According to McKinsey, mining companies have historically struggled with significant productivity declines, as shown below. In recent years, there is evidence that a slow recovery is underway, however, full resolution is in its’ infancy, primarily rooted in maintenance cost optimisation.
Other data points on current mining operations underscore the urgent call for innovation and change:
- 70% operating efficiency due to breakdowns and stalled production, which translates to the real potential for increased productivity and throughput
- 30-50% of mining operations costs are spent on maintaining plant, fleet and equipment, so, the magnitude of potential improvements on bottom-line profitability is the significant
- 3-5X cost for urgent repairs and corrective work requests versus planned maintenance, often made evident by tracking the percentage of work orders managed through the planning office.
While change is always difficult, the promise of technology (and Industry 4.0, Mining 4.0) is a welcome and required one for mining companies. Digital technologies and automation, or Mining 4.0, is defined by smart equipment, drive data-driven (and thus better) decisions, catalyse connected communications and provide easier, more affordable maintenance. From there, mining companies will be able to speed up production, reduce downtime and boost employee safety – three pillars that have challenged mining operations for years.
The First Step: Proactive Maintenance Via Condition Monitoring
As the first tep to regain operational optimisation and lower costs, mining companies must get “ahead of the curve” and prevent process interruptions and unplanned downtime. The key is proactive maintenance via condition monitoring systems. By proactively assessing equipment health, mining operators can be alerted to developing failures before they occur and schedule planned repairs at the lowest possible cost and with minimal impact on production.
Condition monitoring systems are based on the principle that failure is a process, not an event. By monitoring asset characteristics, latent anomalies become apparent well before full failure, allowing for low-cost interventions, root-cause analysis and proactive planning for resolution, thereby mitigating process interruptions. Concurrent with the deployment of a well-engineered proactive maintenance strategy, a thorough rationalisation review can minimise unnecessary or redundant maintenance tasks and, in many cases, eliminate human-induced failure modes.
Maintenance optimisation is a powerful lever – and the first step -- to achieving and sustaining lower production costs in mining.
When 14% Equals US$8mn
Consider this PwC mining example, where proactive maintenance enabled a 14% reduction in maintenance spend by mitigating unplanned downtime to deliver US$8mn savings in operating expense (OpEx).
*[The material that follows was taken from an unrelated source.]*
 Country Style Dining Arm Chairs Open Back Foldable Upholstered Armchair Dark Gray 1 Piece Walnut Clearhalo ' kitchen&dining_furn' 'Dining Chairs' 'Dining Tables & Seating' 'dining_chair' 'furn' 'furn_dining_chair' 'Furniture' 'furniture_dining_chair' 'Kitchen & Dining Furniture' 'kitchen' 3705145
Goal: Reduce unplanned downtime
Solution: Condition monitoring system on critical equipment
1. Condition monitoring insights provide operator alerts of potential failures.
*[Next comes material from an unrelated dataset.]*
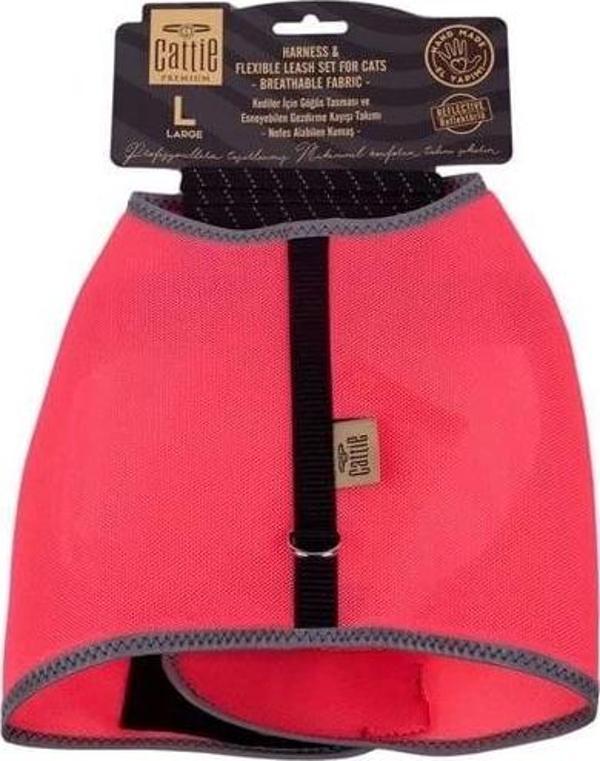 Cattie Havalı Dokuma Kedi Göğüs ve Gezdirme Takımı Large Pembe 1.5x30-40 Cm - Image 1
2. Proactive scheduling of repairs moves resolution to occur during planned maintenance, partial outage periods or normal equipment rotations.
3. Asset availability and reliability increase, production interruptions are minimised and maintenance costs are reduced.
Result: 14% reduction in maintenance spend generates US$8mn in OpE
Source: PwC “Balancing Uptime and Working Capital: Maintenance and Inventory Strategies in Mining”
Reliability and Employee Safety
The example above illustrates the dramatic improvements to operating expenses as mining operators move from reactive/unplanned to proactive/planned maintenance. With decreased downtime, overall operational reliability also improves and with it, a metric of paramount importance in mining: employee safety.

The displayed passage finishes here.